According to the draft Electricity (Amendment) Bill, 2025, the Power Ministry has proposed that State Electricity Regulatory Commissions (SERCs) will actively promote market development, including power trading. The commissions may introduce and regulate market platforms, intermediaries, and new products such as non-transferable specific delivery contracts for difference.

The amendments also propose allowing distribution licensees to supply power through their own or shared networks, subject to regulatory approval and applicable charges. Currently, multiple licensees operating in a single service area are required to maintain separate networks, leading to duplication of infrastructure and higher costs.

Key reform

A key institutional reform proposed is the creation of a National Electricity Council, headed by the Union Power Minister and comprising state power ministers as members. The council will advise on policy measures, build consensus on reforms, and oversee their coordinated implementation.

Despite major structural changes since the original Act was enacted, the ministry noted that the distribution segment remains financially stressed, with cumulative losses exceeding ₹6.9 lakh crore. Regulatory delays and the burden of cross-subsidies, which have inflated industrial tariffs, have hurt both the financial viability of discoms and industrial competitiveness.

Broader push

The amendments also empower the Centre to promote and regulate power trading platforms and new market products, marking a broader push to build a more competitive electricity market that enhances price discovery, operational flexibility, and renewable integration.

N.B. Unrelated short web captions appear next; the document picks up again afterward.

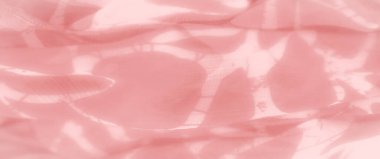 Bulanık pembe kumaş kıvrımları soyut bir çiçek aranjmanında. Hafif doku ve yumuşak detaylar kumaşa genel olarak sakin ve huzurlu tasarımı arttıran yumuşak bir görünüm verir..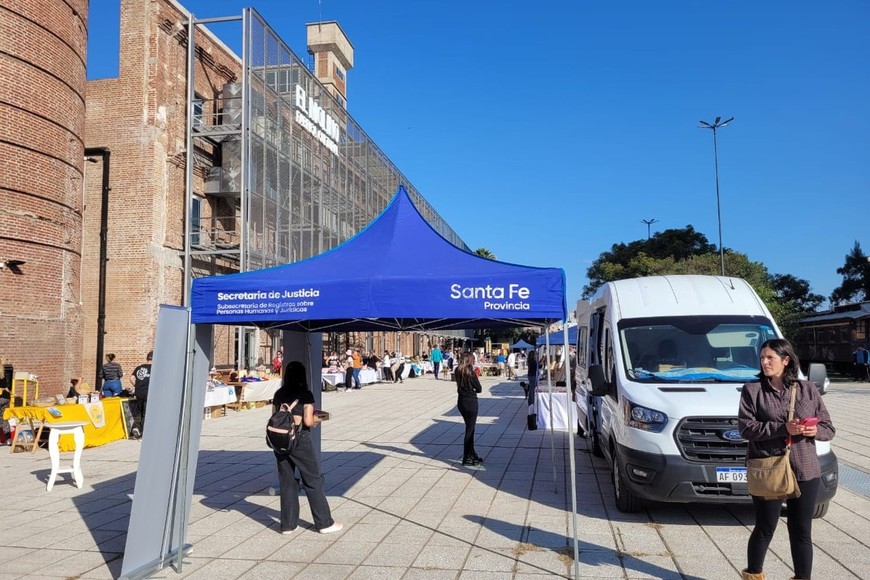 Siguen los operativos barriales en distintos puntos de Santa Fe y Rosario. La mayoría de los trámites son para renovación del DNI.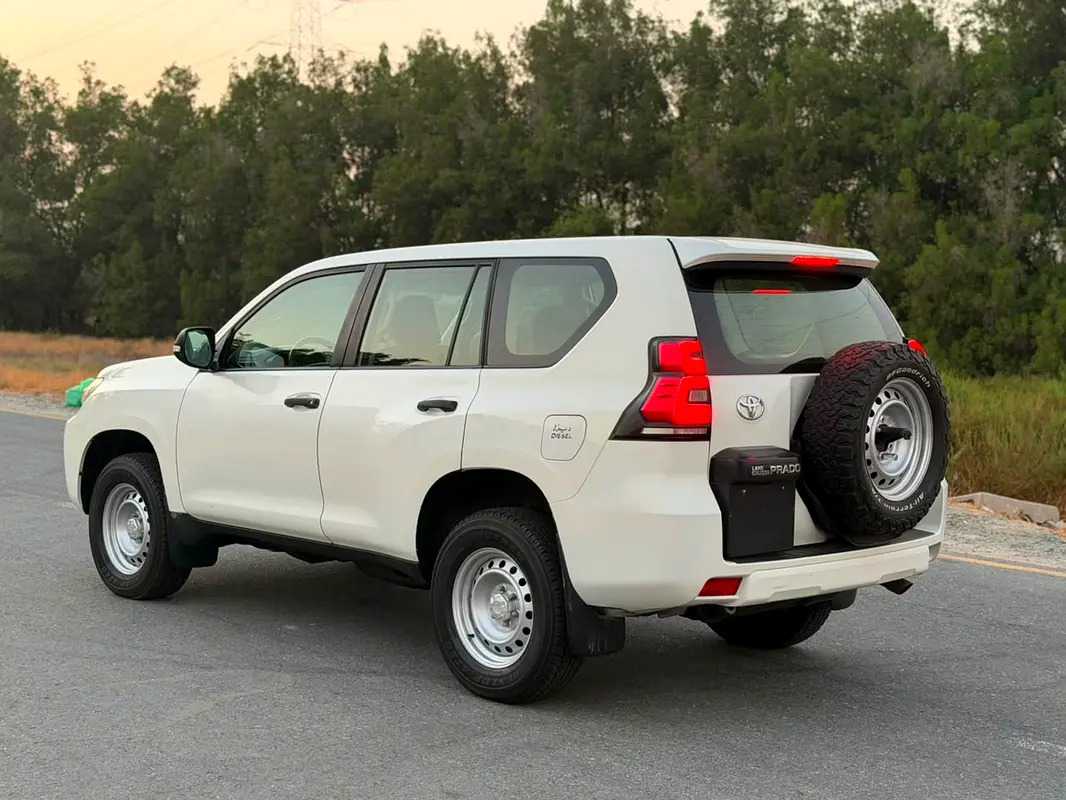Car Image 2019 TOYOTA Prado VX.I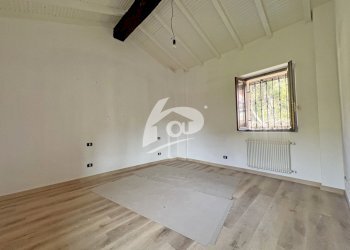 camera da letto - p1 - Portion of a house Via della Pergola 6, Laveno-Mombello - photo 5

The concept of separating “content” (retail electricity) from “carriage” (wires) was first outlined by NITI Aayog in 2021 as a way to introduce retail customer choice in the sector. However, the Centre’s earlier attempts to push through these reforms have faced strong opposition from states. In 2022, several States objected to the proposed separation, citing concerns over loss of autonomy and the impact on India’s federal structure.

Regulator oversight

In a notable shift, the draft also introduces provisions for disciplinary action against members of the Central and State Electricity Regulatory Commissions (CERC and SERCs). The government may intervene in cases of wilful violation, gross negligence, or failure to discharge statutory duties, marking a departure from the high degree of autonomy regulators have traditionally enjoyed.

To accelerate India’s clean energy transition, the Bill empowers the CERC to develop market-based instruments aimed at attracting investment, fostering competition, and ensuring faster renewable capacity addition. It also allows the Central Government to set enforceable non-fossil energy consumption obligations under the Electricity Act.

India currently has around 67 power distribution companies (Discoms), of which 16 are privately operated across Delhi, Mumbai, Odisha, West Bengal, Gujarat, and Dadra & Nagar Haveli. The key private players include Tata Power, Adani Group, Torrent Power, and the RP-Sanjiv Goenka Group’s CESC Ltd.